Tripartite conference - Women in science

Come discover Environmental Transitions with Beatriz Kauark Fontes, Claire Bottini and Beatriz Kauark-Fontes

15 octobre 2025
11h30 13h30
https://bbb.unistra.fr/b/cor-p72-tnk-avx

Speaker Verónica Herrera Gómez11:30

From Lab to River: Green Roughness & Flood Hydraulics - Toward Sustainable Floodplain Design

Flood risk management is a pressing challenge as climate change intensifies extreme weather events and drives the need for sustainable, ecologically functional floodplain designs. In this context, riverine vegetation plays a key role: it stabilizes banks and supports biodiversity, yet its hydraulic roughness can also raise water levels. This dual role -attenuating flood peaks while potentially increasing local risk- creates a fundamental trade-off. This talk examines vegetation roughness across multiple scales, from laboratory experiments to a large-scale river study. By combining event-based field monitoring with 2D hydrodynamic modeling benchmarked against real flood data, the research demonstrates how spatial and temporal variability in vegetation affects flood dynamics. The results highlight pathways to identify optimal vegetation configurations and promote sustainable floodplain management, maximizing flood attenuation and reducing damage in both urban and agricultural settings.

Speaker Beatriz Kauark Fontes12:00

Uptaking Nature-based Solutions in urban landscapes. Exploring pathways for transformative change.

Nature-based Solutions (NbS)—practices that harness ecosystem services to generate benefits for both people and the environment—oHer a multifunctional, adaptable, and place-specific approach to transforming urban environments. They can simultaneously address climate resilience, biodiversity loss, and human well-being, while promoting long-term sustainability. Despite the rapid rise of NbS in academic research and their endorsement by international agencies, implementation in practice often lags behind. This is largely due to conflicts with prevailing urban development models, institutional inertia, and fragmented governance structures. This research investigates this gap. It explores pathways to strengthen NbS integration and uptake, moving across scales: from the macro level, analyzing how NbS can be embedded into urban policies and planning frameworks; through the meso level, assessing the role of adaptive governance and the eHectiveness of Living Labs as experimental and participatory arenas; and down to the micro level, identifying potential urban blind spots for NbS design, devel.

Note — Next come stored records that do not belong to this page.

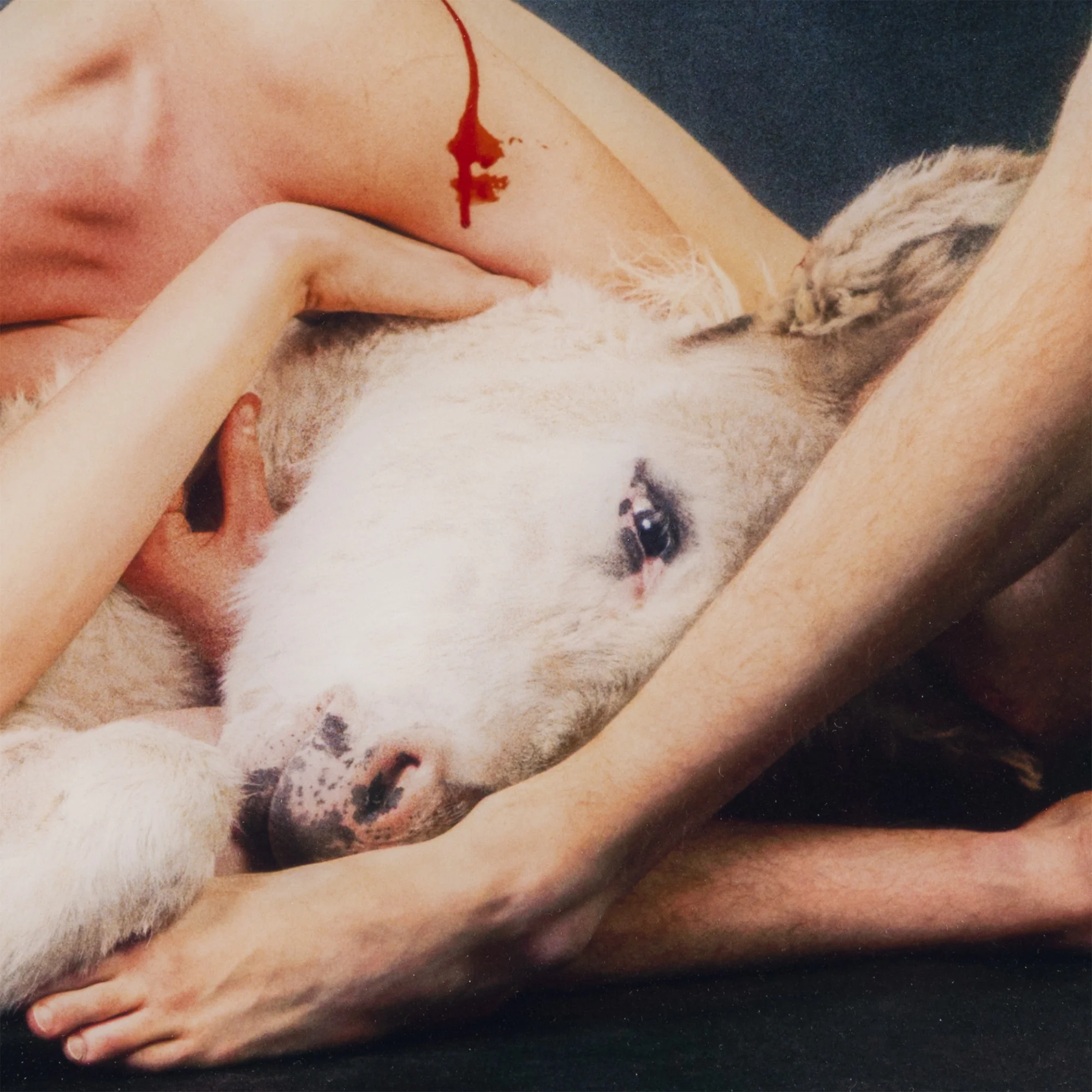 RYAN MCGINLEY "RICHARD (DONKEY)" 2012 - Image 6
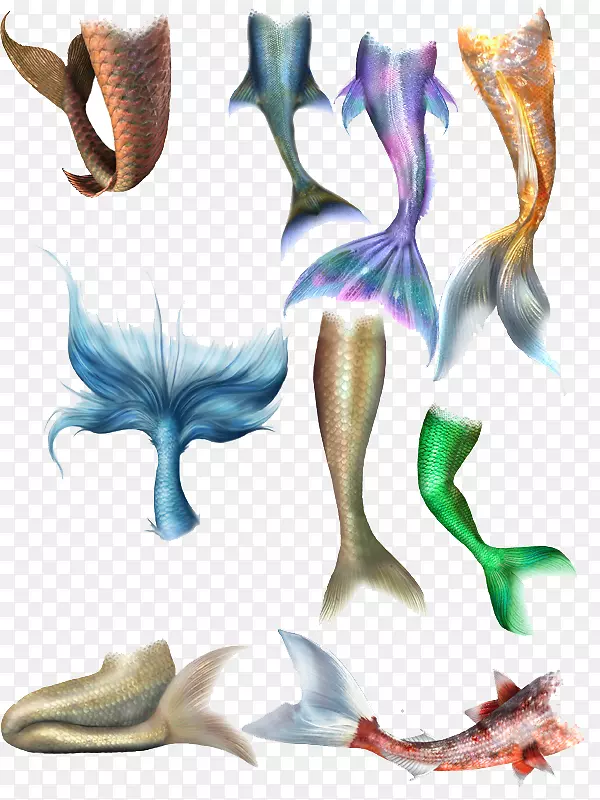 尾海报-种类繁多的鱼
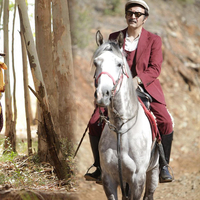 Organik film platosu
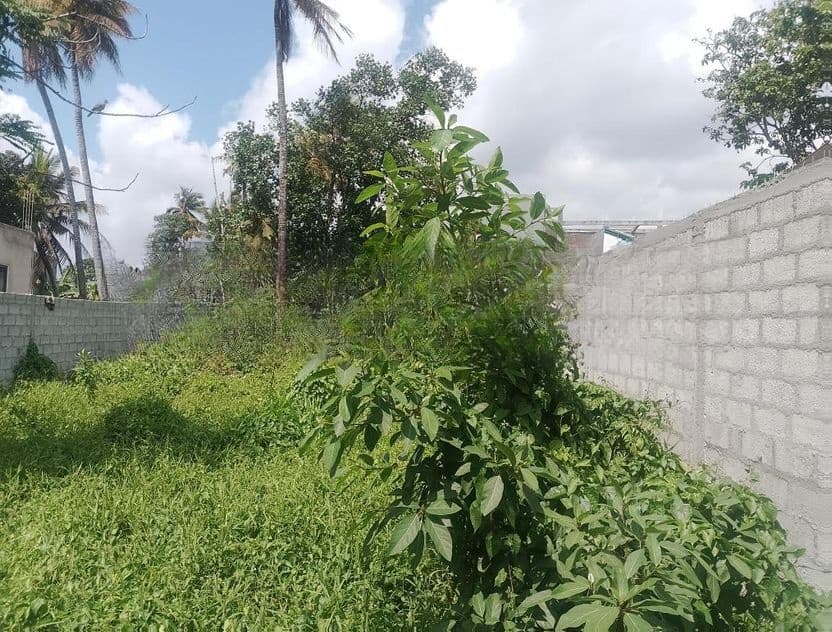 Land for Sale in Katubedda Moratuwa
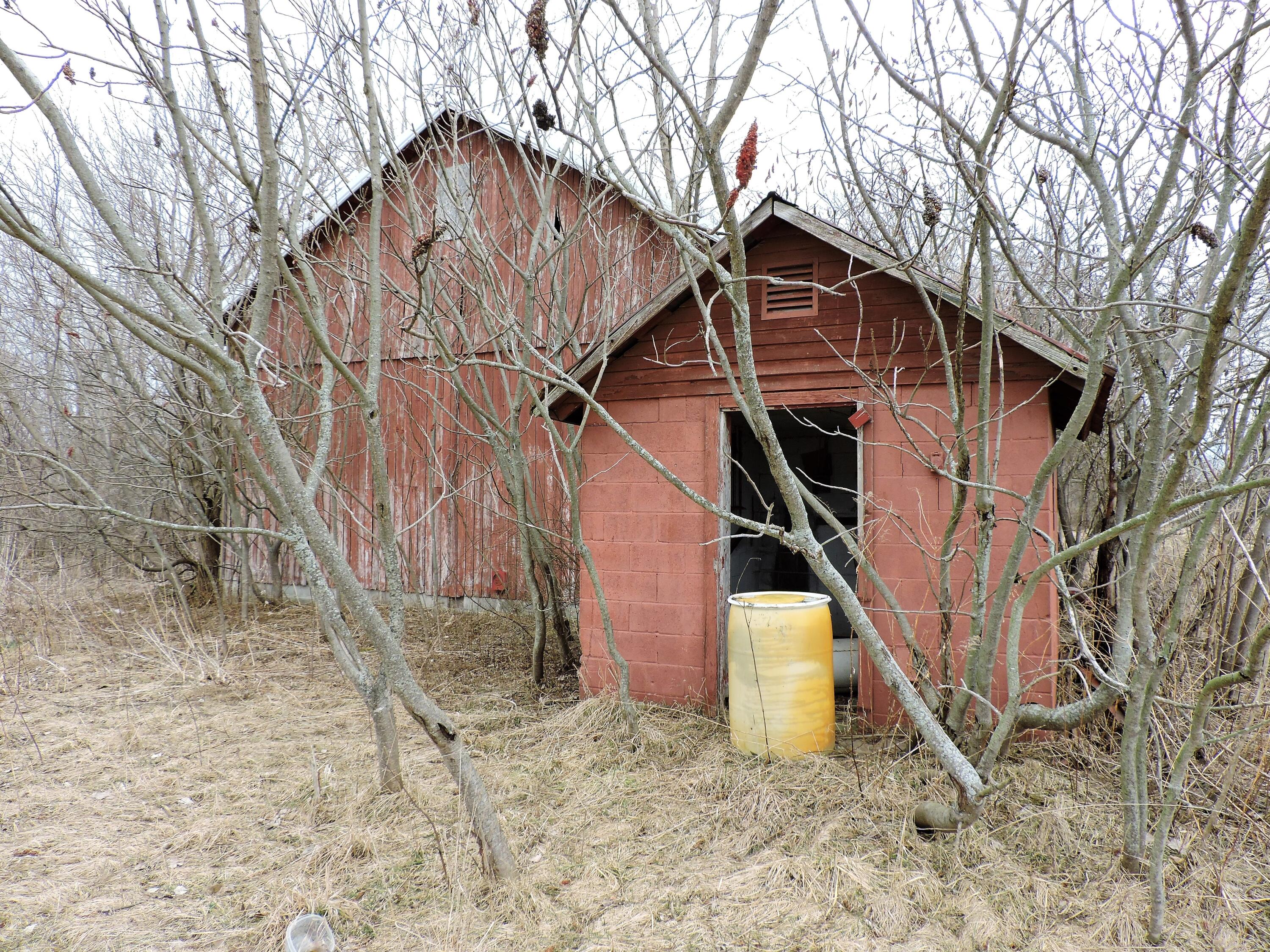 4843 South Pipestone Road Sodus, MI 49126 - Photo 3 of 17 DSCN9692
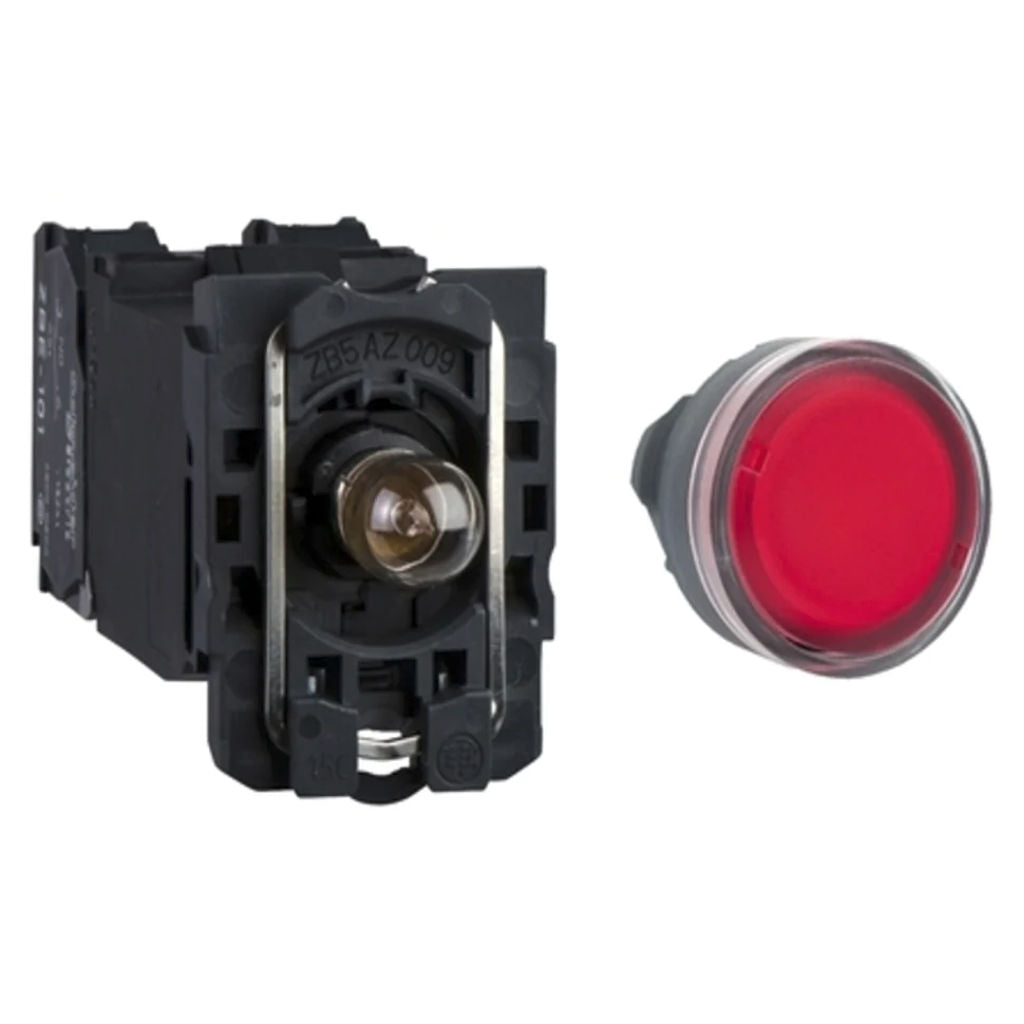 Schneider Harmony XB5 Illuminated Pushbutton Flush Integral LED 110V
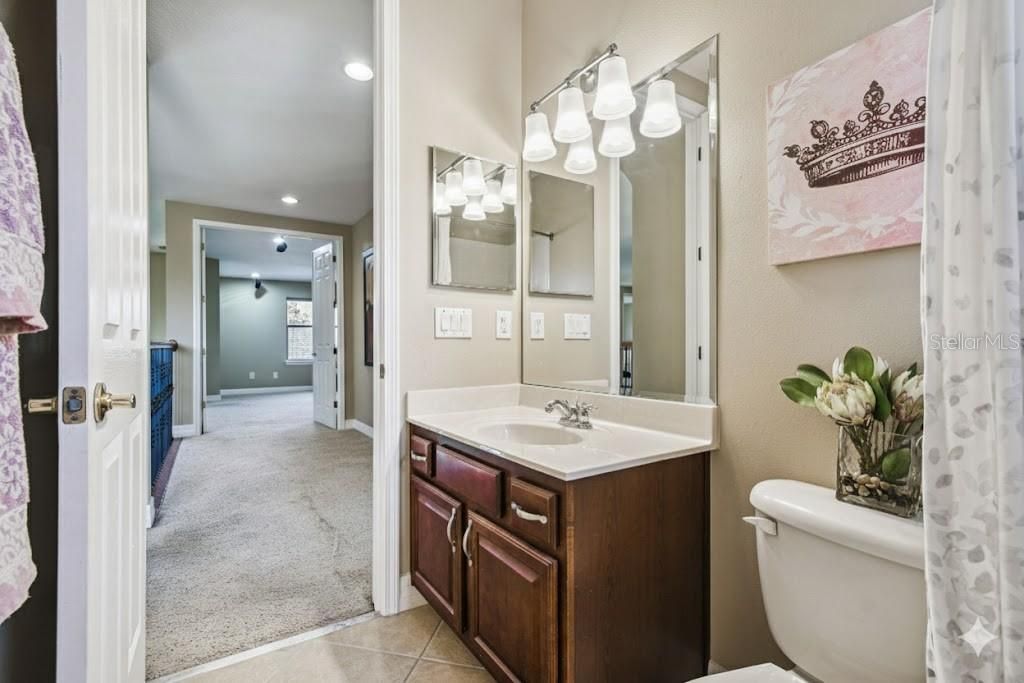 3811 Ivydale Court, Land O Lakes, FL 34638 Photo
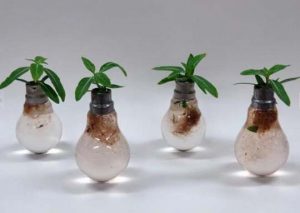 making-a-flower-pot-out-of-light-bulb-5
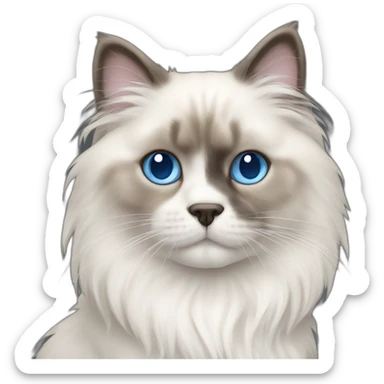 ragdoll-cat-with-blue-eyes-dog sticker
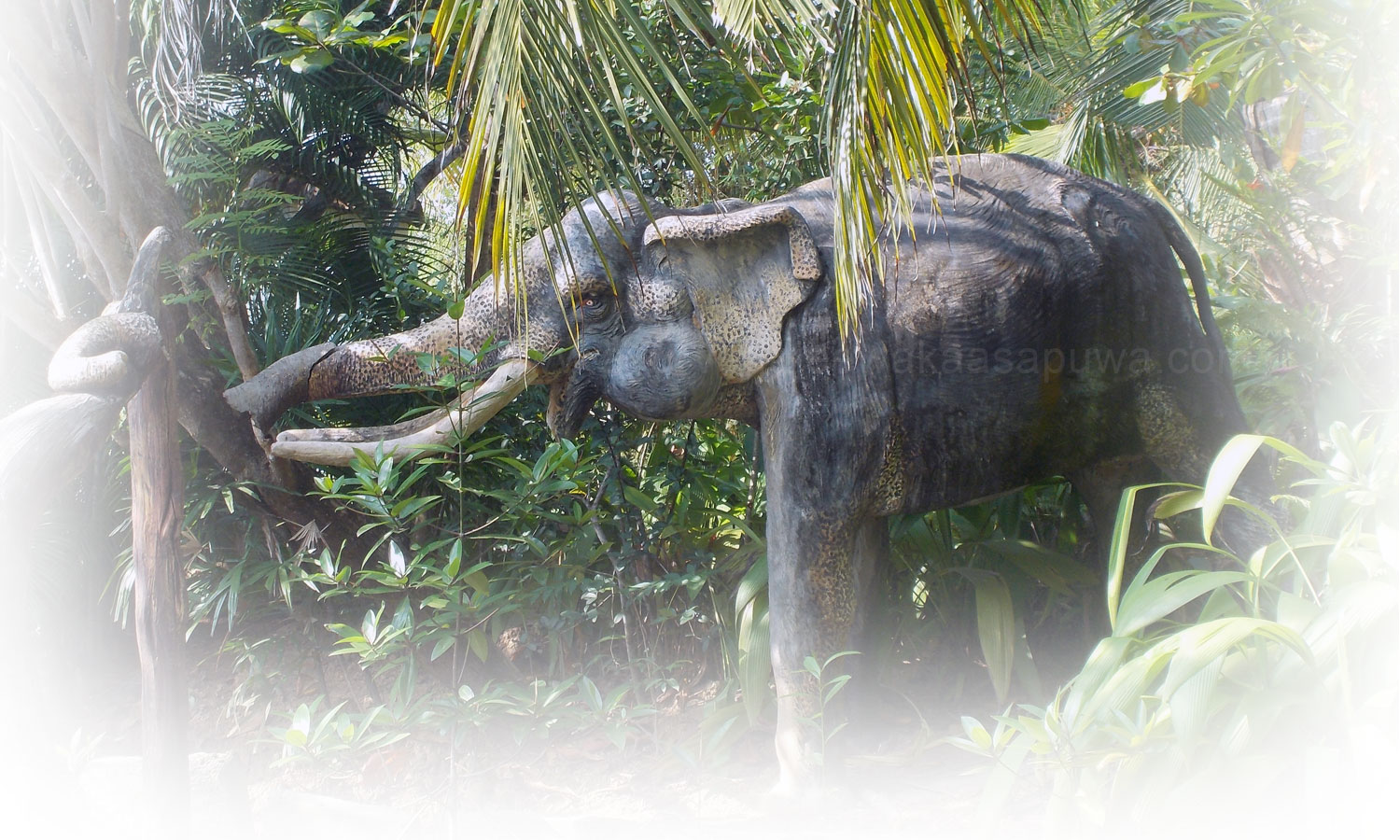 ayurveda treanments in Sri Lanka, ayurveda behandelingen in srilanka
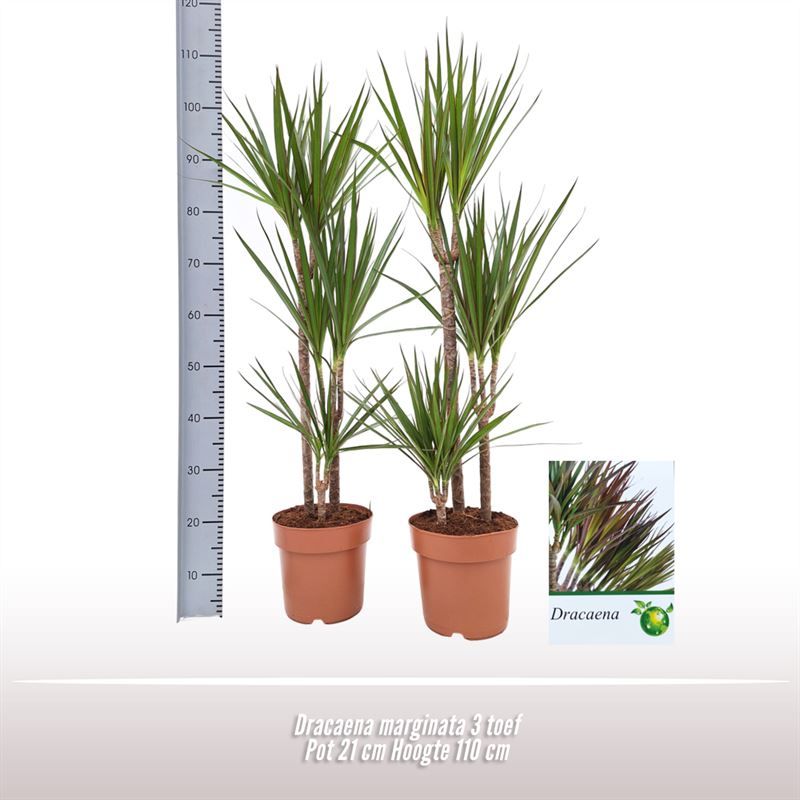 Dracaena marginata 3 toef, D 21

Speaker Claire Bottini12:30

Carry-over effects of methylmercury exposure on songbirds’ seasonal transition

Organisms regularly adjust their physiology to respond to predictable seasonal or environmental variation. However, annual cycle transitions could be disrupted by contaminants or stressors. For example, methylmercury and stress exposure can independently disrupt birds’ neural and endocrine systems, energy balance, or behaviour, all necessary for seasonal transitions. Although, the effects of combined exposure to stressors and methylmercury (MeHg), and how long they last after exposure ends, are poorly understood. The objective of my PhD was to evaluate the impact of MeHg exposure on songbirds’ physiology and its potential carry-over effects on seasonal transitions. I exposed song sparrows (Melospiza melodia) to environmentally relevant doses of MeHg in combination, or not, with unpredictable food stress. I observed birds’ physiological changes throughout two seasonal transitions: summer to fall and winter to spring. I demonstrated that MeHg is sequestered within feathers at the time of feather growth, making feathers an appropriate tool for bird monitoring under the condition that moult pattern is well characterised in the monitored species. MeHg exposure also increased autumn moult, which can have strong impact on flight ability and migration survival in wild birds. MeHg and unpredictable food stress differently affected autumn nocturnal migratory activity and the combined treatment group had increased fecal corticosterone metabolites post-exposure; both measures were positively correlated. Finally, MeHg reduced bird’s neurogenesis in song control area of the brain, both during and post-exposure. Overall, my thesis main findings were: i) except for corticosterone concentrations food stress did not exacerbate the effects of MeHg exposure, and ii) effects of MeHg on moult, migratory behaviour and neurogenesis may be a potential cause of concern for wild populations. My research highlights the importance of studying contaminant carry-over effects across multiple seasons and post-exposure periods when assessing risk for wildlife.